“Moana” Review

Rating out of 5:

figments 4 brain

Before I begin my review of Disney’s Moana, I have to provide a quick personal disclaimer: I’d be incapable of not liking a film sharing my mom’s name (grandma did Anthropology grad work in Tahiti) and staring a gutsy, water-savvy girl who grew up on an island in the Pacific (I did too, though it was rather colder). With that in mind, proceed to the regularly scheduled feel good family story and anthropomorphized sea life.

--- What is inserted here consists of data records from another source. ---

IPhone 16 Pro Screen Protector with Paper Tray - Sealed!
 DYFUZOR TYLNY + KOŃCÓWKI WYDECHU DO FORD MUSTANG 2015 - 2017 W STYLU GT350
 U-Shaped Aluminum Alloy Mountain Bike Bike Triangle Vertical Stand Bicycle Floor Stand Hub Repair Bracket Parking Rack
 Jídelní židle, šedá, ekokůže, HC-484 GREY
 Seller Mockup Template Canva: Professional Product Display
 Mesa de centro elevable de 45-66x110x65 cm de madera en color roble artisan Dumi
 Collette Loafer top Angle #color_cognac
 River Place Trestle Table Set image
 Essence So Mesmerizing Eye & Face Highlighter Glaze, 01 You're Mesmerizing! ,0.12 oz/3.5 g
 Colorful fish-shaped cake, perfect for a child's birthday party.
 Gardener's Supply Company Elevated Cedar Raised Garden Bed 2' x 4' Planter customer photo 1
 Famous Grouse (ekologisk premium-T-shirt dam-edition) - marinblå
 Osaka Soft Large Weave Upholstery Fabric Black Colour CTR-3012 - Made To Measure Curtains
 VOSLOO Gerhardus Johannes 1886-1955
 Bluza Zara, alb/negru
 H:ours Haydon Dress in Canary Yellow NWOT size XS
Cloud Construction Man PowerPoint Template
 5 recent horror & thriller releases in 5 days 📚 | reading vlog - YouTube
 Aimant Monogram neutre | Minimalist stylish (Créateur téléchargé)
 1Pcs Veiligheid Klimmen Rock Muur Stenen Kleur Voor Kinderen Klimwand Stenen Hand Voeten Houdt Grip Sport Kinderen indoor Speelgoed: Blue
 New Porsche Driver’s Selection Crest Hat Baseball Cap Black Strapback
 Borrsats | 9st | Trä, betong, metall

The film follows Moana (named after a Polynesian word for ocean, and voiced by Auli’i Cravalho) on her quest to locate the pan-Pacific cultural hero Maui (Dwayne Johnson) and return the heart of the island goddess Te Fiti, a magical stone with the power to create life. Along the way to saving her people and understanding her own place in the world, she must overcome a host of obstacles, mythological and mundane, including the fire demon Ta Ka, her father’s insular outlook, and her own self doubts.

From casting a native Hawaiian actress to play the heroine to the ubiquitous vivid and surprisingly accurate representations of ancient Polynesian sailing, Moana does many things right. Some of its best elements include a Deadpool-esque sense of self-awareness (Maui calls Moana a princess at one point–when she denies it, he quips she must be one since she has a comedic animal sidekick) and Hamilton-creator Lin-Manuel Miranda’s catchy vocal numbers (especially Maui’s “You’re Welcome”), which are sure to be stuck in the collective head of popular culture for some time to come. Maui’s wonderfully animated and often opinionated tattoos are worth seeing the film by themselves, as they morph and merge to illustrate flashback information and convey character development.

The movie’s few pitfalls mostly come from a misplaced sense of pluralism. The audience is presented with too many potential charismatic animal companions: the baby turtle Moana saves at the beginning is never heard from again, an adorable piglet briefly takes its place, and the writers finally settle on a moronic if strangely endearing rooster (or as one of the directors put it, “the dumbest character in the history of Disney animation”). Decide already, Disney!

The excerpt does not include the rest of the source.